Now run the search using nutch itself,
Example :
/opt/nutch/bin/nutch org.apache.nutch.searcher.NutchBean developpement
26) Search the engine using the brawser.
To search you need to have tomcat installed and put the nutch war file into
tomcat servlet container.
I have build and installed tomcat as /opt/tomcat
Note: (important)
Something interesting to note about the distributed filesystem is
that it is user specific.
If you store a directory urls under the filesystem with the nutch
user, it is actually stored as /user/nutch/urls.
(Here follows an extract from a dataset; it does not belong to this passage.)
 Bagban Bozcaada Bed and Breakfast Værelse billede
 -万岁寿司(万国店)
What this means to us is that the user that does the crawl and stores
it in the distributed filesystem
must also be the user that starts the search, or no results will come
back.
You can try this yourself by logging in with a different user and
runing the ls command.
It won't find the directories because is it looking under a different
directory /user/username instead of /user/nutch
As explained above we need to run tomcat as nutch user in order to be sure
to have search results; Be sure to have write
permission to nutch logs directory and read permission on the rest of the
tomcat installation:
login as root
chmod -R ugo+rx /opt/nutch
chmod -R ugo+rwx /opt/nutch/logs
export CATALINA_OPTS="-server -Xss256k -Xms768m -Xmx768m
-Djava.net.preferIPv4Stack=true -Djava.awt.headless=true"
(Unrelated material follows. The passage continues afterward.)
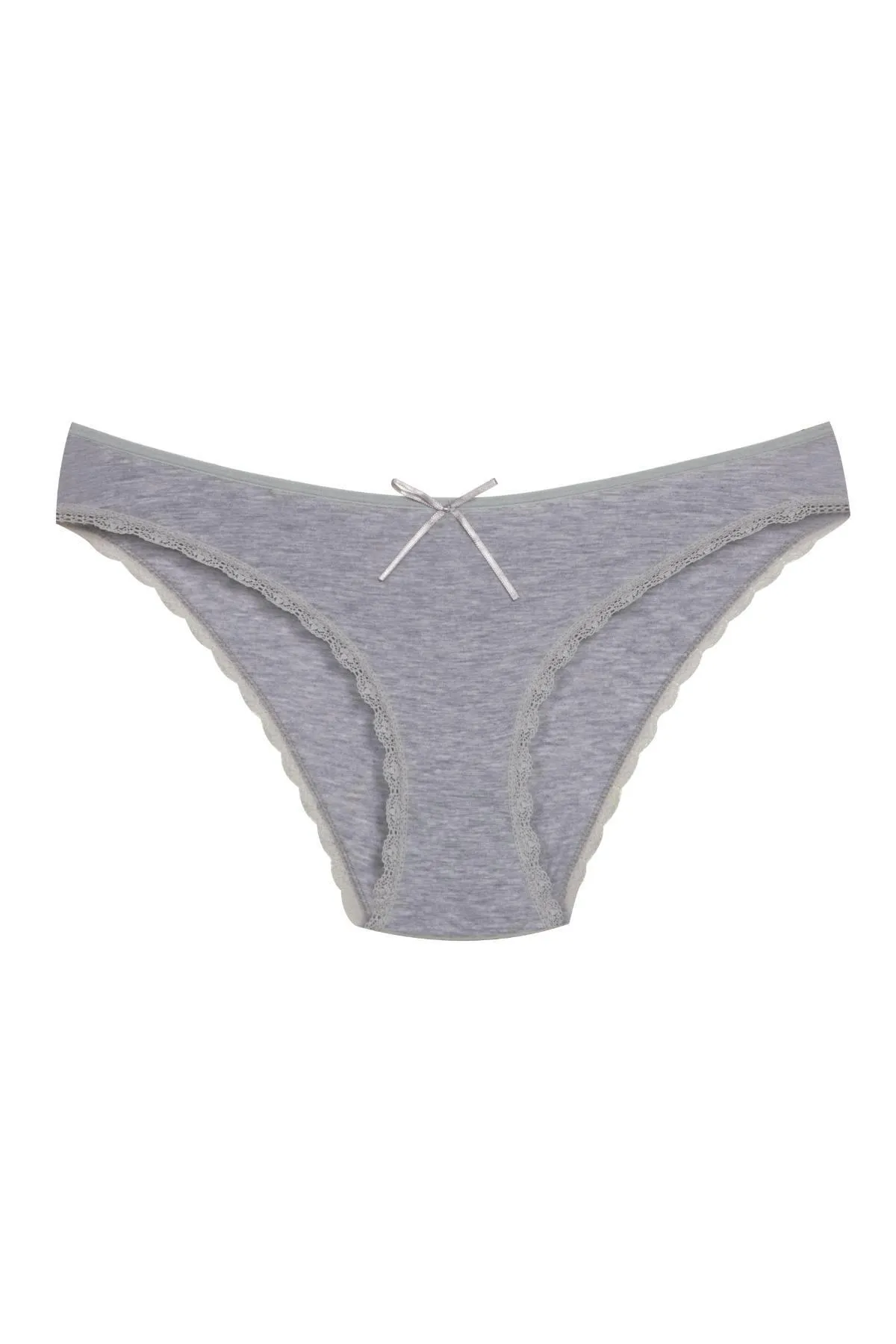 Newlilla  1101 Bikini Damen T. Spitzenhöschen Paket V33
rm -rf /opt/tomcat/webapps/ROOT*
cp /opt/nutch/nutch*.war /opt/tomcat/webapps/ROOT.war
/opt/tomcat/bin/startup.sh
this should create a new webapps/ROOT rootdir
We now have to ensure that the webapp (tomcat) can find the index and
segments.
Tomcat webapp will use the nutch configuration file under
/opt/tomcat/webapps/ROOT/WEB-INF/classes
copy in here your modified nutch configuration files from nutch/conf
directory:
cp /opt/nutch/conf/hadoop-site.xml
/opt/tomcat/webapps/ROOT/WEB-INF/classes//hadoop-site.xml
cp /opt/nutch/conf/hadoop-env.sh
/opt/tomcat/webapps/ROOT/WEB-INF/classes//hadoop-env.sh
cp /opt/nutch/conf/nutch-site.xml
/opt/tomcat/webapps/ROOT/WEB-INF/classes//hadoop-site.xml
now you will need to restart tomcat and enter the following URL into your
brawser:
http://localhost:8080
the nutch search page should appear
27) RECRAWLING
Now that everything works we update our db with new URLS
A) we create the fetch list with the to 100 scoring pages in the current DB
bin/nutch generate test/crawldb test/segments -topN 100
this has generated the new segment : test/segments/20060516135945
B) Now we fetch the new pages
bin/nutch fetch test/segments/20060516135945
C) The DB is now updated with the entries of the new pages
bin/nutch updatedb test/crawldb test/segments/20060516135945
D) We now we inver links. I guess the I could have just invert links on
test/segments/20060516135945
but here I do it on all segments
bin/nutch invertlinks linkdb -dir test/segments
E) Remove the test/indexes directory
hadoop dfs -rm test/indexes
F) Now we recreate indexes
nutch index test/indexes test/crawldb linkdb
test/segments/20060511101525 test/segments/20060516135945
G) DEDUP
bin/nutch dedup test/indexes
H) Merge indexes
bin/nutch merge test/index test/indexes
I) Now if you would like you can evene remove test/indexes
I have also tried to index segment in separate indexes directory like :
nutch index test/indexes1 linkdb test/segments/20060511101525
nutch index test/indexes2 linkdb test/segments/20060516135945
bin/nutch merge test/index test/indexes1 test/indexes2
it looks is working and this will avoid to index each segment all time
we will instead index just the new segment and we just have to regenerate
the new meeged
index
Another solution for merging coulde have been to index each segment into a
different index directory:
nutch index indexe1 test/crawldb linkdb test/segments/20060511101525
nutch index indexe2 test/crawldb linkdb test/segments/20060516135945
nutch merge test/index test/indexe1 test/indexe2
Another solution again is to merge the segment and index only the resulting
merged segment
but so far I did'nt succeed in doing so.
#
#
#nutch crawl dmoz/urls -dir crawl-tinysite -depth 10